The problem is the pressure of the purchase. I’ll be sitting on whatever I buy for a long time, and for hours every day, so it has to be great. But what if it isn’t? And I’ve just thrown another £200 down the shitter? Luckily I normally get so exhausted by research that I just go with my gut and buy whatever, but right now that feels very far away.
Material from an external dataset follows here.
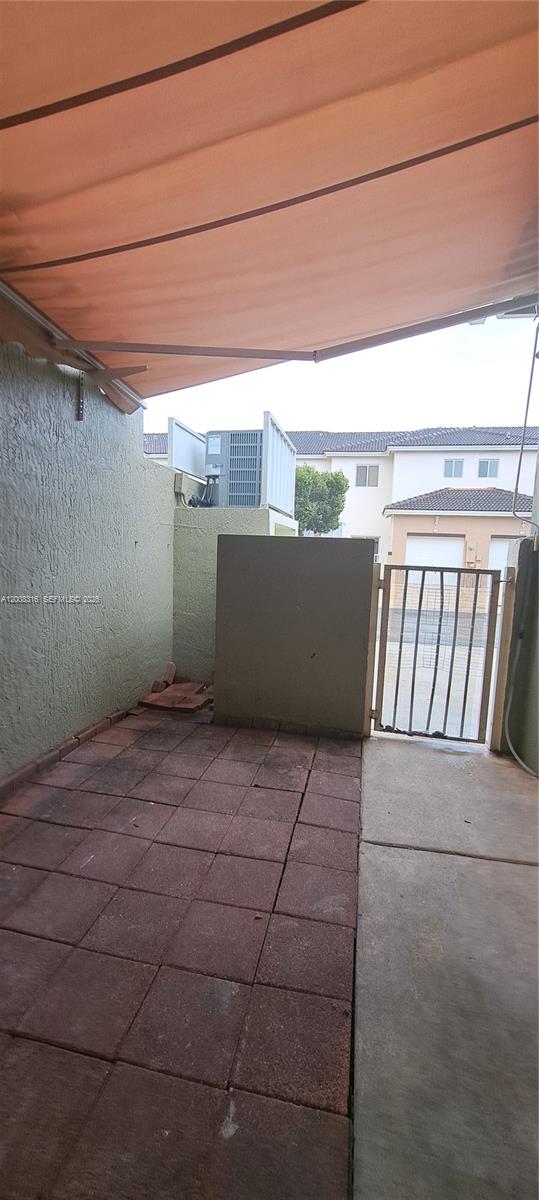 TOWNGATE NORTH - Residential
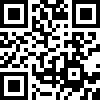 https://khabaronline.ir/x86vG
Bo Moore: No Skin in the Game

The Overwatch Anniversary event is in full swing, and while I'm super psyched that there are a ton of cool-looking new skins, I'm pretty bummed that they're all the super-expensive Legendary tier. Paul Tassi over at Forbes calculated that even if you were to grind Overwatch games eight hours a day for the entire three-week event (because who needs sleep, right?), you still wouldn't garner enough loot boxes to guarantee all of the 11 new Legendary skins. (Not without some very favorable luck, at least.) 

Look, I get it—seasonal events and limited-edition cosmetics are Blizzard's main revenue source from Overwatch, but it's frustrating that even if you drop some pretty serious cash, you're still likely a long way from getting everything you want. Even worse, it's doubly frustrating to crack open a seasonal loot box and see that Legendary color fly, only to find you unboxed a duplicate of a non-event Legendary (this happened to me twice). I'm not saying Blizzard should make less Legendary skins—quite the opposite—but it's time to either bring down their cost, increase the amount of gold you get from duplicates, or limit seasonal loot box drops to only seasonal content. Preferably all three.

Joe Donnelly: Too financially responsible for school

This week Stafford University announced plans to run a BA (Hons) module in esports next year. As a business module, this one seems a little more practical than Rice University's Elder Scrolls-inspired 'Scandinavian Fantasy Worlds: Old Norse Sagas and Skyrim', however I'm not convinced it has much more merit—even if it's off the back of a UKIE recommendation. 

I didn't go to uni immediately following school because I wanted to enter the labour market sooner rather than later. I then went to uni many years later, to study journalism, however found that the course ultimately served to grant me access to an otherwise unobtainable student loan which allowed me to pursue freelance work on the side, subsidising me as I went. And I imagine I'll spend most of my working life paying that back. 

Bottom line: I'm not convinced esports is something that can be taught or should be studied at university. Not because I'm old fashioned or don't like esports, but because it seems like a waste of time and money. I could be wrong, time will tell, but where university degrees are far from essential nowadays, I see qualifications such as this as superfluous.